● **Problem details**: Line by line, reproduce exactly the beginning of the listing below, ending with the line that contains "Tractor unit Volvo FH 500" and adding nothing.

● **Study material**:
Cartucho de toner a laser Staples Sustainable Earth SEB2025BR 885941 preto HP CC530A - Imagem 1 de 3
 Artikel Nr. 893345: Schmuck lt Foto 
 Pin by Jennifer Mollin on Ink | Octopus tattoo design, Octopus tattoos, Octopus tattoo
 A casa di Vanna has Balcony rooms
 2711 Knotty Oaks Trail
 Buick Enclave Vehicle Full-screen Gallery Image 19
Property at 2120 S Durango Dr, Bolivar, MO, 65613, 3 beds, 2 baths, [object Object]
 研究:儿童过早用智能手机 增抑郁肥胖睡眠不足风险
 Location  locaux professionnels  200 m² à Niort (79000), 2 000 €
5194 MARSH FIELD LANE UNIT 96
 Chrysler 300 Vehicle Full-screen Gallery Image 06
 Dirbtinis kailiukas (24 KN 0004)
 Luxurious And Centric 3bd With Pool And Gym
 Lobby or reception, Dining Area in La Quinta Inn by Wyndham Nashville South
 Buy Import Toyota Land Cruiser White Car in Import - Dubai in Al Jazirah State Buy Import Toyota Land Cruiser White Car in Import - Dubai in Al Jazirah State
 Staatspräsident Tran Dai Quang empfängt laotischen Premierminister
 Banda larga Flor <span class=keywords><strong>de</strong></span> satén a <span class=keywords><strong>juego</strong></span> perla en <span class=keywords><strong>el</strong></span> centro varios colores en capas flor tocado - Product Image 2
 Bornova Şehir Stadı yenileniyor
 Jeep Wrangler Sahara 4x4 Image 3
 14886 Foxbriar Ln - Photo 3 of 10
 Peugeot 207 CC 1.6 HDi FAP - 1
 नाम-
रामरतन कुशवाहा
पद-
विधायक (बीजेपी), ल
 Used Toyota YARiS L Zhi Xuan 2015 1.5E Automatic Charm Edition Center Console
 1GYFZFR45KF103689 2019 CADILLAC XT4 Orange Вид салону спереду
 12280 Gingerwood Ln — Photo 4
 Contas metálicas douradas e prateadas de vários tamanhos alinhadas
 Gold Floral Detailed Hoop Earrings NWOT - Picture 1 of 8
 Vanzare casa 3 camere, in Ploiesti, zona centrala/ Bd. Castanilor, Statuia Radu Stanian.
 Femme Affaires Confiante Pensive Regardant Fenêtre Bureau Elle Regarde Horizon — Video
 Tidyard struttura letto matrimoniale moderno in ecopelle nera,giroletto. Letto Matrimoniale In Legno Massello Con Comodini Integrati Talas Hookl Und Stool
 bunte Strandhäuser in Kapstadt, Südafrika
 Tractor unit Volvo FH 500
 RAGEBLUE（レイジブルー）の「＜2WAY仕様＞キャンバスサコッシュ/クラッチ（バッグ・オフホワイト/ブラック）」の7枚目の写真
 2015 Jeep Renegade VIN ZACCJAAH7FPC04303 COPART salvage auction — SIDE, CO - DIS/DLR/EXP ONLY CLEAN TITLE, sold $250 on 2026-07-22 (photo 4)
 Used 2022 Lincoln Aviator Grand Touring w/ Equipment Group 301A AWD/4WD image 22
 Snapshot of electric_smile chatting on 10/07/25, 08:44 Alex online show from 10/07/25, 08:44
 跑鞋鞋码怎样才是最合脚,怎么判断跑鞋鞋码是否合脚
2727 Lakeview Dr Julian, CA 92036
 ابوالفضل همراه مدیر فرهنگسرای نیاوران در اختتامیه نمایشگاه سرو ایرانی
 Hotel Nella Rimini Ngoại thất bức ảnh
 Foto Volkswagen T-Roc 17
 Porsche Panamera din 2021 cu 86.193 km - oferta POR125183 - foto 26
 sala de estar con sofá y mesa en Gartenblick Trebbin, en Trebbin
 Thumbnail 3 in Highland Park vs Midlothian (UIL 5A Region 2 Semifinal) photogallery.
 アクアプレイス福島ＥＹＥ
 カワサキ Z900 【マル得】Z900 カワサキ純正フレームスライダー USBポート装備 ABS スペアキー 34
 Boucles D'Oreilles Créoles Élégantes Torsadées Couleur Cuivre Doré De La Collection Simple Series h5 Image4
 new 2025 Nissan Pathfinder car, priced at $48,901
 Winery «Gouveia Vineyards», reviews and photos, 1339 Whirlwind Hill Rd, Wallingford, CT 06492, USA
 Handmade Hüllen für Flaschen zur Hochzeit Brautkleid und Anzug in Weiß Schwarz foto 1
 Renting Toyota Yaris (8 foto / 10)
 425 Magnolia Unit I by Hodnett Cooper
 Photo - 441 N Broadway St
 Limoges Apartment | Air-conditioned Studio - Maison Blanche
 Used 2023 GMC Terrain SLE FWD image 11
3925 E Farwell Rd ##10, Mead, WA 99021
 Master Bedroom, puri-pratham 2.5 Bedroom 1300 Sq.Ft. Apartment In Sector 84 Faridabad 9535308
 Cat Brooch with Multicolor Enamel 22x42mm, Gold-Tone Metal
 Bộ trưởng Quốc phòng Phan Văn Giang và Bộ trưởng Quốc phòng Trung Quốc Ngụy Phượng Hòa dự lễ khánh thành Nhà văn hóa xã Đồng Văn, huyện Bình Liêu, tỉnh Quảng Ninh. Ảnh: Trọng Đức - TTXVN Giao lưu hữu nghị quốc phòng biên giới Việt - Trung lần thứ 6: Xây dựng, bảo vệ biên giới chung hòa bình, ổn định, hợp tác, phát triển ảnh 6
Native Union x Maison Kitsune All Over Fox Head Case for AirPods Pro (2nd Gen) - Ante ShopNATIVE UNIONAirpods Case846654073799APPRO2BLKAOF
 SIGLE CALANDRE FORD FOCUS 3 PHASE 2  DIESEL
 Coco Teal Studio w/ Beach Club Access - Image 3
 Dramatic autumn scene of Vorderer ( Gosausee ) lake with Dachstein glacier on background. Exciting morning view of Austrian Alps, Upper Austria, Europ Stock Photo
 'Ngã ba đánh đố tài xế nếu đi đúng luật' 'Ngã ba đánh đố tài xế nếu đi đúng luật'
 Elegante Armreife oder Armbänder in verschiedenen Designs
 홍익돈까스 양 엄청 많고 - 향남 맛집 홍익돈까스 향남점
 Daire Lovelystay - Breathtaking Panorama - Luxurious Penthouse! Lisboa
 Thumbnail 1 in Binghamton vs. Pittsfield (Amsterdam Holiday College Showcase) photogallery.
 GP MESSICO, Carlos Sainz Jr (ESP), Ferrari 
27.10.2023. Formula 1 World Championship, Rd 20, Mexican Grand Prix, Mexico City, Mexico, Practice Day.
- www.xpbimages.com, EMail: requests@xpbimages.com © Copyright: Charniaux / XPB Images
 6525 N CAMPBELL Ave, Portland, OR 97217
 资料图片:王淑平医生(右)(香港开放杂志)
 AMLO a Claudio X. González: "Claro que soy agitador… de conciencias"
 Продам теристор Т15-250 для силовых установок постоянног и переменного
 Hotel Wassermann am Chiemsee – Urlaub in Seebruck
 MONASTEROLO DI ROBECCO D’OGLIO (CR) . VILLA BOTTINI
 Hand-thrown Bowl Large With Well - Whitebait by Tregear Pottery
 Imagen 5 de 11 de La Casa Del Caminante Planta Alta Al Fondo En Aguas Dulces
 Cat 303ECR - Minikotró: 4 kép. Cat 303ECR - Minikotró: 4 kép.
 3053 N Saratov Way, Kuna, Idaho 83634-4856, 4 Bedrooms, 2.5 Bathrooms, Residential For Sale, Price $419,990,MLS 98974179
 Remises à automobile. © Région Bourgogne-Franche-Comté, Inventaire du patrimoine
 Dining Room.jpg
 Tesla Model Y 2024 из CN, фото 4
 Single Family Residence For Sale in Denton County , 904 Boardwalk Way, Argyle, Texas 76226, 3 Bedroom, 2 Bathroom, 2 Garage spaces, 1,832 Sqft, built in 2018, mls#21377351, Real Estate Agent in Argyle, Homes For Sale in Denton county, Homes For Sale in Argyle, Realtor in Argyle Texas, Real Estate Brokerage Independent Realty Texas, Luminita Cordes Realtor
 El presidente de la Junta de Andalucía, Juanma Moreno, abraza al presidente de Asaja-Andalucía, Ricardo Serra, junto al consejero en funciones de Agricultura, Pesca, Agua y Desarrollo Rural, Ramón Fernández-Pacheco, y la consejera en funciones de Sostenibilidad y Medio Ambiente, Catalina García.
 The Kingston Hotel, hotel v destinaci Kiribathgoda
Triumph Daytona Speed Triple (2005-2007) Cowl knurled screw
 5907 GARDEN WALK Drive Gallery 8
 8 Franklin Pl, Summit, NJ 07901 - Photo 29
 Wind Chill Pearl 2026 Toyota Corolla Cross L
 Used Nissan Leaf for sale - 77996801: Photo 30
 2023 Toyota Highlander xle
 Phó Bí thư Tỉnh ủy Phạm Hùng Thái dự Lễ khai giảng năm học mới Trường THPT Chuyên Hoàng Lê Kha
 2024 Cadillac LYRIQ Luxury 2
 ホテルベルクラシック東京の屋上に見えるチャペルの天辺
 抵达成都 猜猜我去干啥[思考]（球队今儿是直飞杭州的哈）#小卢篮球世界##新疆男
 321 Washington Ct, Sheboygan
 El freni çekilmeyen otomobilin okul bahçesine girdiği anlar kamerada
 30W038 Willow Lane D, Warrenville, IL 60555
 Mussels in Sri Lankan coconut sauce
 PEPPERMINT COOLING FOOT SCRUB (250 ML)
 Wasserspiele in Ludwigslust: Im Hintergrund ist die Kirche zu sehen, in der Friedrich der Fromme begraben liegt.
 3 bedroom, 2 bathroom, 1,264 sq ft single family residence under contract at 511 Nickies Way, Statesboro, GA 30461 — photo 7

● **Solution for this problem**:
Cartucho de toner a laser Staples Sustainable Earth SEB2025BR 885941 preto HP CC530A - Imagem 1 de 3
 Artikel Nr. 893345: Schmuck lt Foto 
 Pin by Jennifer Mollin on Ink | Octopus tattoo design, Octopus tattoos, Octopus tattoo
 A casa di Vanna has Balcony rooms
 2711 Knotty Oaks Trail
 Buick Enclave Vehicle Full-screen Gallery Image 19
Property at 2120 S Durango Dr, Bolivar, MO, 65613, 3 beds, 2 baths, [object Object]
 研究:儿童过早用智能手机 增抑郁肥胖睡眠不足风险
 Location  locaux professionnels  200 m² à Niort (79000), 2 000 €
5194 MARSH FIELD LANE UNIT 96
 Chrysler 300 Vehicle Full-screen Gallery Image 06
 Dirbtinis kailiukas (24 KN 0004)
 Luxurious And Centric 3bd With Pool And Gym
 Lobby or reception, Dining Area in La Quinta Inn by Wyndham Nashville South
 Buy Import Toyota Land Cruiser White Car in Import - Dubai in Al Jazirah State Buy Import Toyota Land Cruiser White Car in Import - Dubai in Al Jazirah State
 Staatspräsident Tran Dai Quang empfängt laotischen Premierminister
 Banda larga Flor <span class=keywords><strong>de</strong></span> satén a <span class=keywords><strong>juego</strong></span> perla en <span class=keywords><strong>el</strong></span> centro varios colores en capas flor tocado - Product Image 2
 Bornova Şehir Stadı yenileniyor
 Jeep Wrangler Sahara 4x4 Image 3
 14886 Foxbriar Ln - Photo 3 of 10
 Peugeot 207 CC 1.6 HDi FAP - 1
 नाम-
रामरतन कुशवाहा
पद-
विधायक (बीजेपी), ल
 Used Toyota YARiS L Zhi Xuan 2015 1.5E Automatic Charm Edition Center Console
 1GYFZFR45KF103689 2019 CADILLAC XT4 Orange Вид салону спереду
 12280 Gingerwood Ln — Photo 4
 Contas metálicas douradas e prateadas de vários tamanhos alinhadas
 Gold Floral Detailed Hoop Earrings NWOT - Picture 1 of 8
 Vanzare casa 3 camere, in Ploiesti, zona centrala/ Bd. Castanilor, Statuia Radu Stanian.
 Femme Affaires Confiante Pensive Regardant Fenêtre Bureau Elle Regarde Horizon — Video
 Tidyard struttura letto matrimoniale moderno in ecopelle nera,giroletto. Letto Matrimoniale In Legno Massello Con Comodini Integrati Talas Hookl Und Stool
 bunte Strandhäuser in Kapstadt, Südafrika
 Tractor unit Volvo FH 500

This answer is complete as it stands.